IPython Notebooks are used to explore data, features and possible solutions: they can be run to generate images and exploratory tables.
Python scripts contain the final version of the code:
python train.py
: load and preprocess MovieLens public dataset, train the model and store it in models/. it additionally performs hyper-parameters grid-search adding--model-selection
command line parameter, otherwise a set of precomupted optimal hyper-parameters are used;python movie_classifier.py --title title --description description
: load model and precomputed objects generated using previous script and output the predicted genre for given title and description;python test.py
: run automated tests.
The repository implements a machine learning pipeline to train and use a movie classifier.
The code is implemented in Python, because it is a very flexible programming language that allows to easily define ML scripts.
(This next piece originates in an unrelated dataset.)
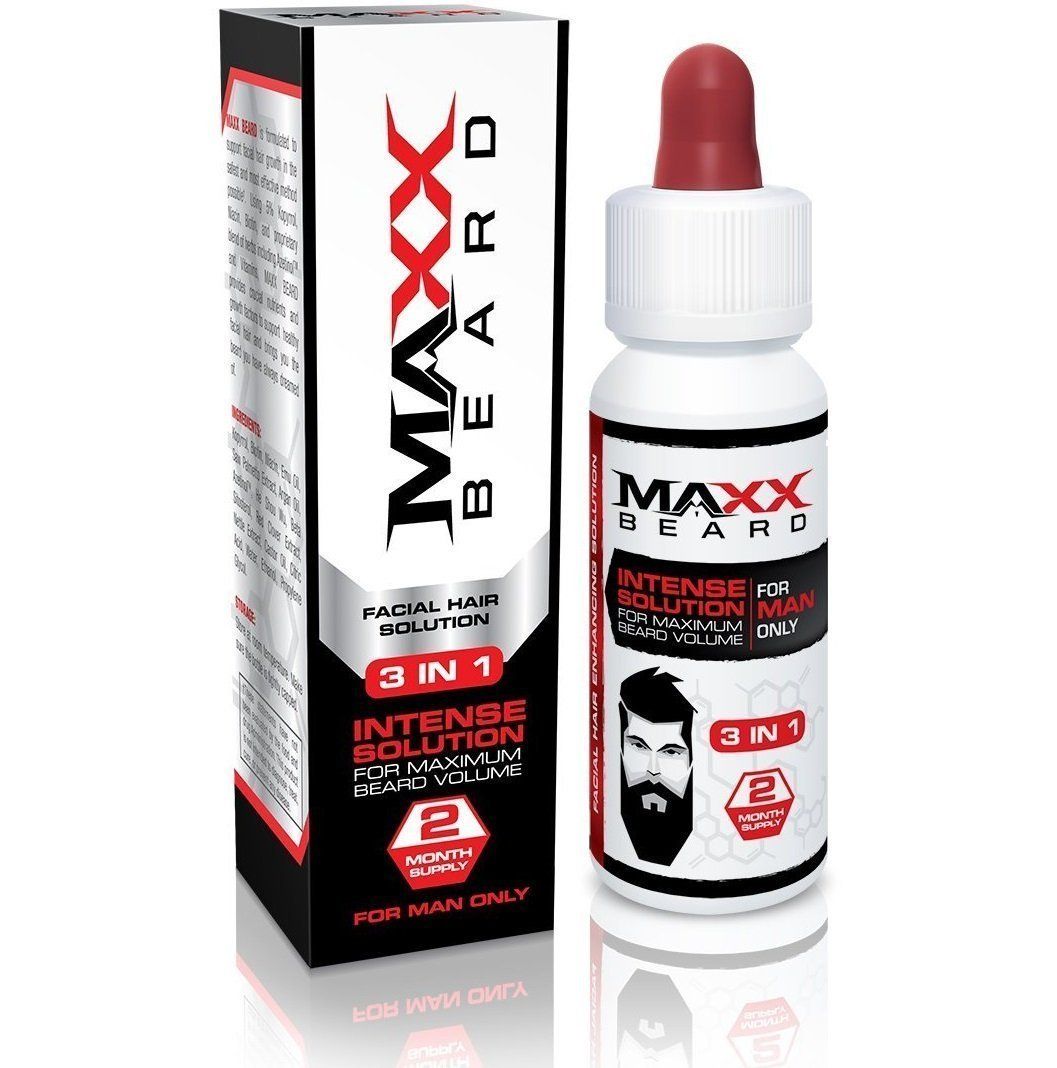 Maxx Beard -1 Beard Growth Solution, Natural Solution for Maximum Beard Volume-2 Month Supply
It also has already implemented many ML and NLP libraries to ease the whole process definition: in particular, scikit-learn and nltk are used to solve this problem.
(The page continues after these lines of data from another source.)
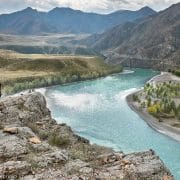 two rivers merge, altai, south siberia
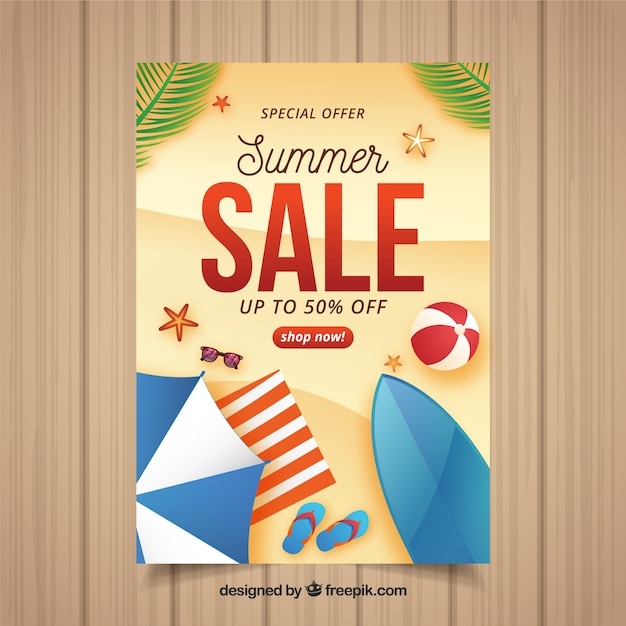 Realistische flyer voor de zomeruitverkoop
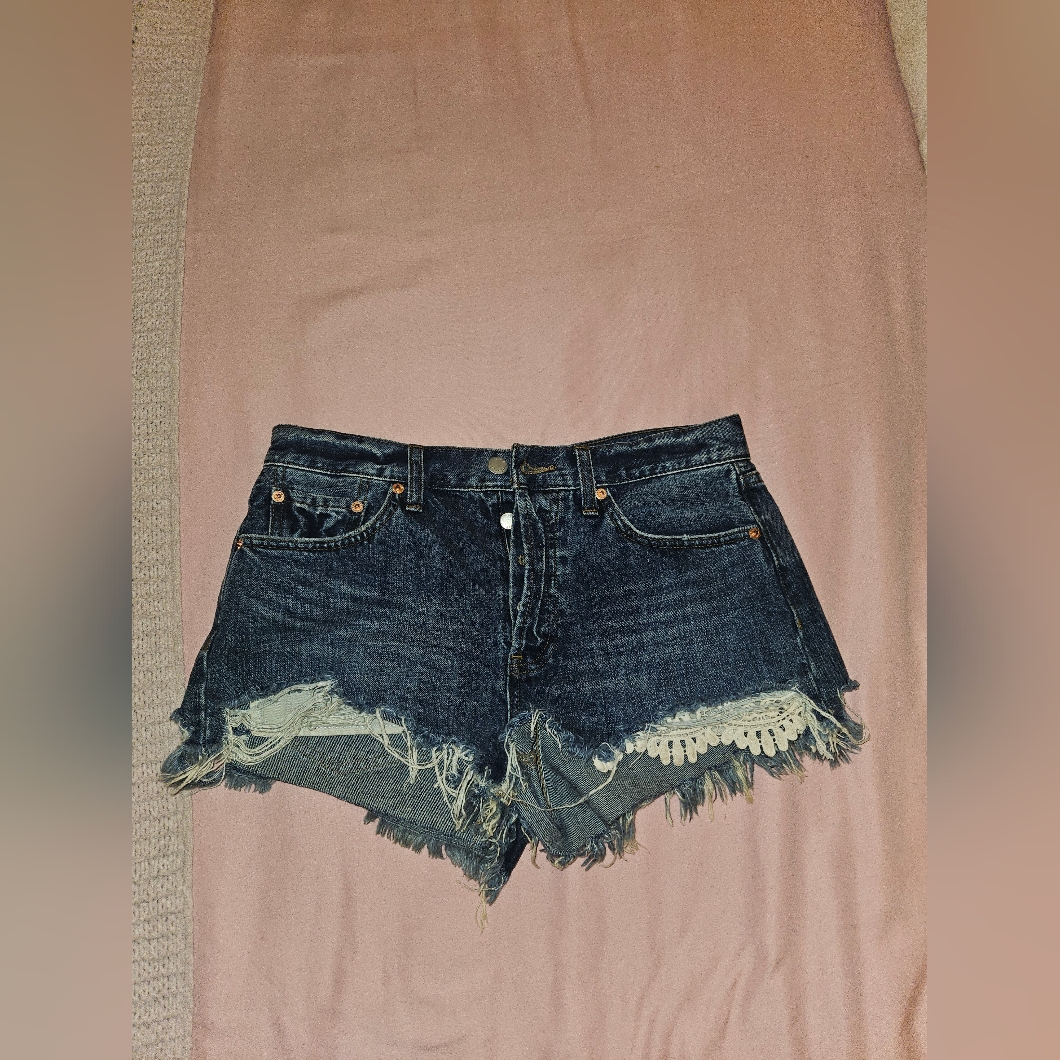 We The Free Dark Blue Distressed Denim Shorts With Lace Accent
NLP techniques are applied to extract numerical features from raw text:
- TF-IDF is run on training corpus: each word of the description and the title is mapped to a weight, thus generating a numerical feature vector for each movie. This technique, even if not the state of the art in NLP, provides a simple and fast mapping of text to numerical features, which can be easily exploited by any kind of classifiers;
- SVD is applied to previous output to reduce dimensionality. Since TFIDF features space is defined with one dimension for each distinct word in the corpus, while each movie has only few descriptive words, movie vectors are extremely sparse: SVD decomposition allows to easily reduce number of dimensions in sparse scenarios. Number of new features is manually selected based on overall explained variance (explored in Notebook);
- Final features vectors are used to train a Random Forest classifier: this ensemble method has been selected because it is extremely fast to train, and produce reasonably good results. Cross-Validation is applied to select hyper-parameters, even if grid-search is not extensive;
- Test data is transformed using previously trained objects (TFIDF, SVD) and then provided as input to Random Forest classifier for final evaluation. The test accuracy is provided as output from the script, while precision, recall, F1-score and confusion matrix are available on IPython Notebooks.
A remark: choices such as number of features after reduction and range of parameters for grid-search may not be optimal, but they are made in order to speed up the overall testing of the model.